Available records:
»»
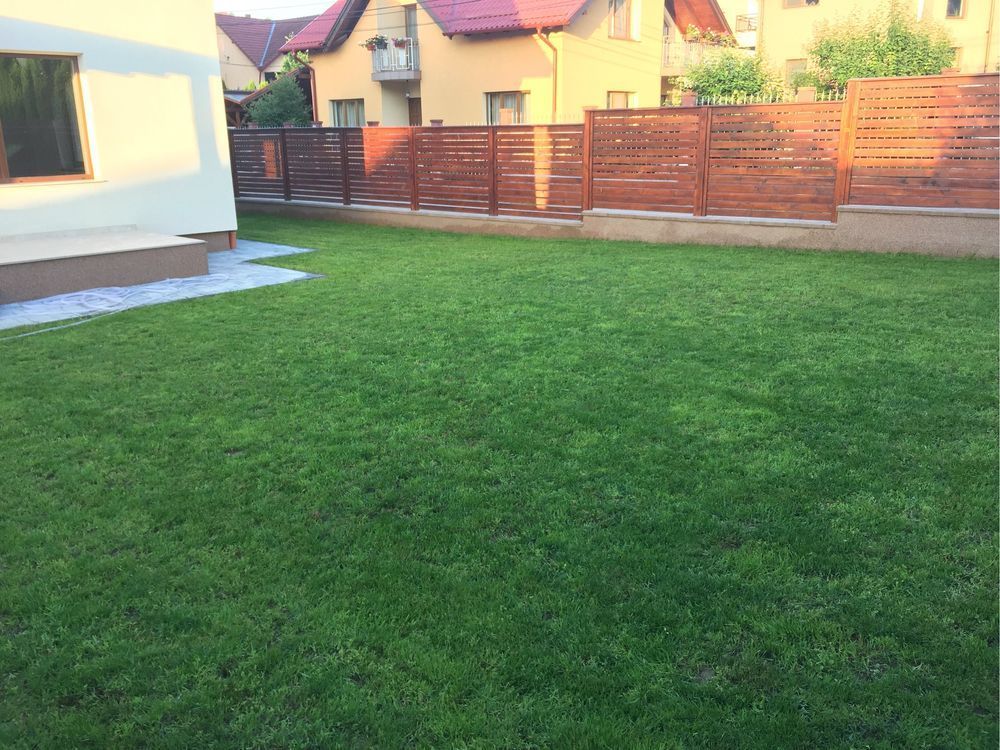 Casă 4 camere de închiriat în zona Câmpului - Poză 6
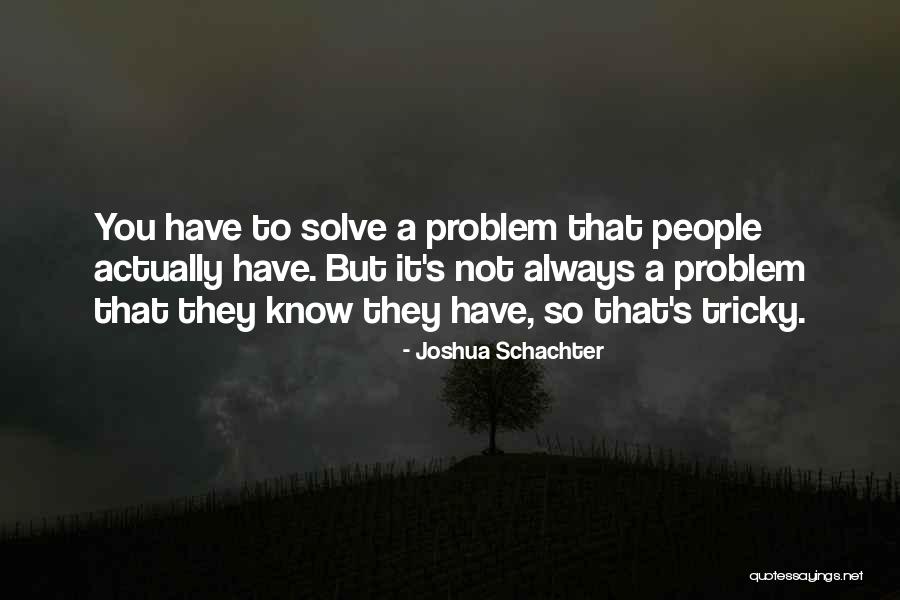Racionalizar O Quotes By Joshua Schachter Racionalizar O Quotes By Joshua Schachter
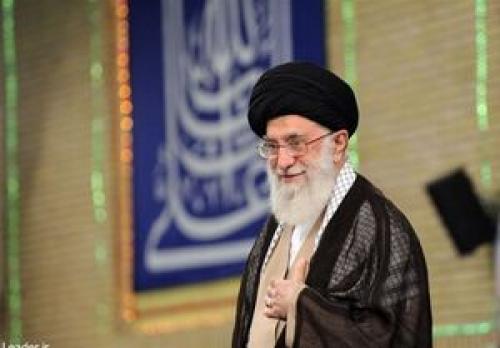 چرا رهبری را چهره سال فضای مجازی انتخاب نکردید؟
««
»»
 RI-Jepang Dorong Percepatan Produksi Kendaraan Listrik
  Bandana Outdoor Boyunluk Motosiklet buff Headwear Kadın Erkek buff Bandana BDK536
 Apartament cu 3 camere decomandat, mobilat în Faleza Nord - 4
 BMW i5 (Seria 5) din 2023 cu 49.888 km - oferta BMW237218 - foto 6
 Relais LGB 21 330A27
««
What needs to be done: Looking above, find the stretch of lines that opens with the one holding "Casă 4 camere" and closes with the one holding "چرا رهبری را". Copy it exactly, pictures excluded.

Response to this task:
 Casă 4 camere de închiriat în zona Câmpului - Poză 6
Racionalizar O Quotes By Joshua Schachter Racionalizar O Quotes By Joshua Schachter
 چرا رهبری را چهره سال فضای مجازی انتخاب نکردید؟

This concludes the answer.